TASK – Give back all of the records, exactly and completely.

DATA FOR THIS EXERCISE –
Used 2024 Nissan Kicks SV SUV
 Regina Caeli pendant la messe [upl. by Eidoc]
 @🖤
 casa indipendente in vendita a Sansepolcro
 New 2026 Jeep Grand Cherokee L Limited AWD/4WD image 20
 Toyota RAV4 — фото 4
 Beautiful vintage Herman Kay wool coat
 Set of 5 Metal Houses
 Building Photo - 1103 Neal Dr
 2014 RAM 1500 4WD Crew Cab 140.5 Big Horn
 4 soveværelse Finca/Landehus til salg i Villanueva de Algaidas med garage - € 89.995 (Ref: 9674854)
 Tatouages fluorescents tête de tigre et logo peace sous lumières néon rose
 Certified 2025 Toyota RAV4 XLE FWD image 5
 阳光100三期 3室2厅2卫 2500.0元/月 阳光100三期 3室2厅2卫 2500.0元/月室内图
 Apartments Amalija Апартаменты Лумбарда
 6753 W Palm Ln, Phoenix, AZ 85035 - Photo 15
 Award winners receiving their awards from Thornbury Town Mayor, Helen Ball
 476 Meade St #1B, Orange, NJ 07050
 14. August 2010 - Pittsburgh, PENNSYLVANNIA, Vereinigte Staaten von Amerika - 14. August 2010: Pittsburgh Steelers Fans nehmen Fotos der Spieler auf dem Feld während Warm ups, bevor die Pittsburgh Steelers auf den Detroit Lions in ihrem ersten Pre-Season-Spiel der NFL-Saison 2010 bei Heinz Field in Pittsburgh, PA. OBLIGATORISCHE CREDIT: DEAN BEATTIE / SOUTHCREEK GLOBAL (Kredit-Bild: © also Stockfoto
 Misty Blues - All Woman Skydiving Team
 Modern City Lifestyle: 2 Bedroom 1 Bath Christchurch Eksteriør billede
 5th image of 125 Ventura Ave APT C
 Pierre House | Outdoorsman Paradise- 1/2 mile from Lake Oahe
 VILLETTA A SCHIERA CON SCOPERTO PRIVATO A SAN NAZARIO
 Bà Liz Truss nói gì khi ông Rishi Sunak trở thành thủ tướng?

RESPONSE TO THIS TASK –
Used 2024 Nissan Kicks SV SUV
 Regina Caeli pendant la messe [upl. by Eidoc]
 @🖤
 casa indipendente in vendita a Sansepolcro
 New 2026 Jeep Grand Cherokee L Limited AWD/4WD image 20
 Toyota RAV4 — фото 4
 Beautiful vintage Herman Kay wool coat
 Set of 5 Metal Houses
 Building Photo - 1103 Neal Dr
 2014 RAM 1500 4WD Crew Cab 140.5 Big Horn
 4 soveværelse Finca/Landehus til salg i Villanueva de Algaidas med garage - € 89.995 (Ref: 9674854)
 Tatouages fluorescents tête de tigre et logo peace sous lumières néon rose
 Certified 2025 Toyota RAV4 XLE FWD image 5
 阳光100三期 3室2厅2卫 2500.0元/月 阳光100三期 3室2厅2卫 2500.0元/月室内图
 Apartments Amalija Апартаменты Лумбарда
 6753 W Palm Ln, Phoenix, AZ 85035 - Photo 15
 Award winners receiving their awards from Thornbury Town Mayor, Helen Ball
 476 Meade St #1B, Orange, NJ 07050
 14. August 2010 - Pittsburgh, PENNSYLVANNIA, Vereinigte Staaten von Amerika - 14. August 2010: Pittsburgh Steelers Fans nehmen Fotos der Spieler auf dem Feld während Warm ups, bevor die Pittsburgh Steelers auf den Detroit Lions in ihrem ersten Pre-Season-Spiel der NFL-Saison 2010 bei Heinz Field in Pittsburgh, PA. OBLIGATORISCHE CREDIT: DEAN BEATTIE / SOUTHCREEK GLOBAL (Kredit-Bild: © also Stockfoto
 Misty Blues - All Woman Skydiving Team
 Modern City Lifestyle: 2 Bedroom 1 Bath Christchurch Eksteriør billede
 5th image of 125 Ventura Ave APT C
 Pierre House | Outdoorsman Paradise- 1/2 mile from Lake Oahe
 VILLETTA A SCHIERA CON SCOPERTO PRIVATO A SAN NAZARIO
 Bà Liz Truss nói gì khi ông Rishi Sunak trở thành thủ tướng?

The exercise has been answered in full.